In der Theaterkneipe lästiges Warten. Ich versuche meine Geschichte für den NaNoWriMo weiterzuschreiben, aber es will mir nicht so recht gelingen. Ich sage mir: Du darfst keine Erwartungen haben, du könntest dich enttäuschen. Und ich schreibe und schreibe tagelang ohne das Geringste von mir zu halten. Die Geschichte wächst und entwickelt sich und ich lese noch mal nach und denke: das ist nicht übel, das hast du schon mal schlimmer hingekriegt und dann will ich weiterschreiben und es ist passiert. Ich will es nicht versauen, Ende der Goldader.
Ich versuche es also mit lesen und rauchen. Ich sitze draußen, sitze meine letzten 10 Minuten in der Kälte ab, weil ich nicht einfach nur warten kann. Dann gehe ich zurück und die schlechte Nachricht ist, dass das Warten kein Ende haben wird, vorerst. Die Schauspieler brauchen noch Zeit. 15 Minuten, eine halbe Stunde. Trauerspiel für eine Person: Warten auf Godot. Ich kann mir die Leute ansehen. Was für seltsame Leute ins Theater gehen. Im Theater ist man nie allein, auch wenn man das glaubt. Es gibt Momente, da ist eine Schauspielerin in ihrem Element, dann bin ich bei ihr. Dann wünsche ich mir, ich wäre alleine mit dieser Szene im Saal. Das hat aber nichts mit dem Menschen da auf der Bühne zu tun, nur damit was er tut, dass er lebt, wünscht, hofft oder will. Wenn dann jemand neben mir ist, der das nicht sieht oder nicht schätzt, dann wünsche ich mir, ich wäre alleine da. Manchmal bin ich es.
Stefan Kaminski verwandelt sich auf der Bühne. Wotan, Loge, der Zwerg Alberich. Frauen spielen im Rheingold keine großen Rollen, aber auch ihre Stimmen bekommt er perfekt hin. Ich muss zu meiner Schande gestehen, dass ich das Original gar nicht kenne. Für mich ist es auch besser alles neu zu hören. Betrug, Betrug, Betrug. Alles, was du bist, Wotan, bist du nur durch Verträge. Allein der Geräuschmusik könnte ich stundenlang zuhören. Wie Richard Wagner wohl diese Inszenierung sehen würde? – Er hat fast 30 Jahre an diesem Stück gearbeitet. Die Texte geschrieben, die Gesänge komponiert. Noten geschrieben für einhundert Musiker und 34 Solisten, 16 Stunden Laufzeit für vier Tage vorgesehen. Auch das live HörSPIEL läuft an vier Abenden.

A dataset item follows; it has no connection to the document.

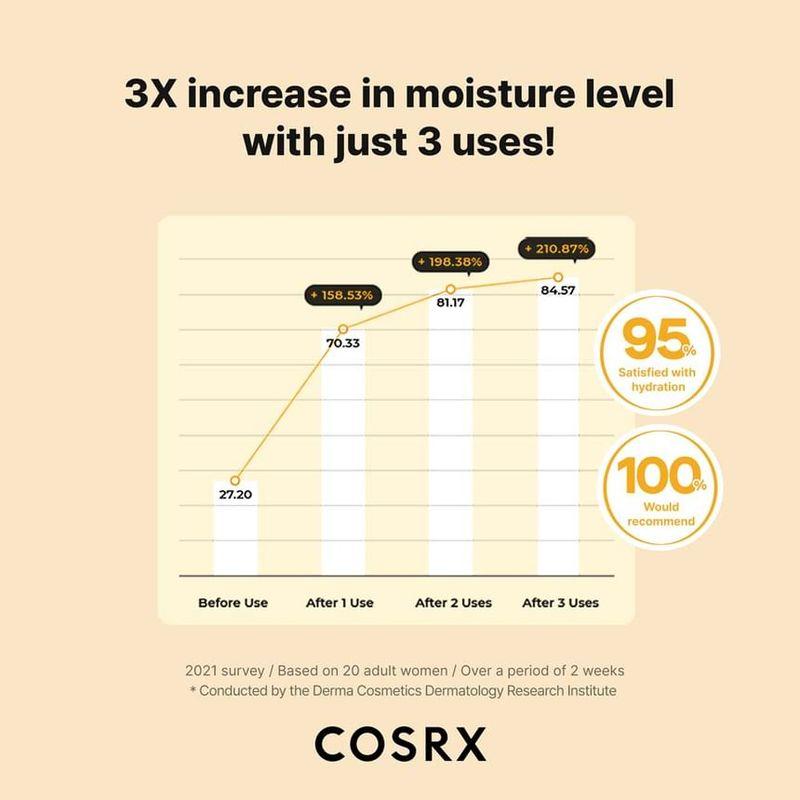 COSRX Full Fit Propolis Synergy Toner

Ich glaube der Humor wäre dem ernsten Wagner nicht so gut bekommen, aber sowas darf man nicht sagen. Am besten schweigt man über Menschen, die man nicht kennt. Meiner Aufmerksamkeit tat der Humor keinen Abbruch. So oft werden Ernst und Stille im Theater durch schlechten Humor erstickt, wie die eingespielten Lacher in Seifenopern jeden Anfall von Schmalzigkeit im Keim ersticken. Aber Schmalzigkeit ist nur Ausdruck misslungenen Schreibens.
Die Geschichte geht weiter. Das Rheingold ist bei den Riesen und Freia wieder bei den Arsen. Alberich ein fluchender kleiner Zwerg. Ein Fluch lastet auf dem Ring. Interessant, oder? – Das Stück entstand zur Zeit der gescheiterten Revolution. Der Mythos, das ist etwas, das uns erzählt wer wir sind. Es fängt alles mit dem Raub des Goldes an, mit Versklavung und Vertragsbruch. Am Ende des ersten Aktes steht das Haus der Götter. Die Wohnung ist bezogen, die Grenzen sind gezogen, die Verträge ausgehandelt. Die dunkle Vorahnung schläft noch. Auf dem Ring lastet der Fluch des Zwerges.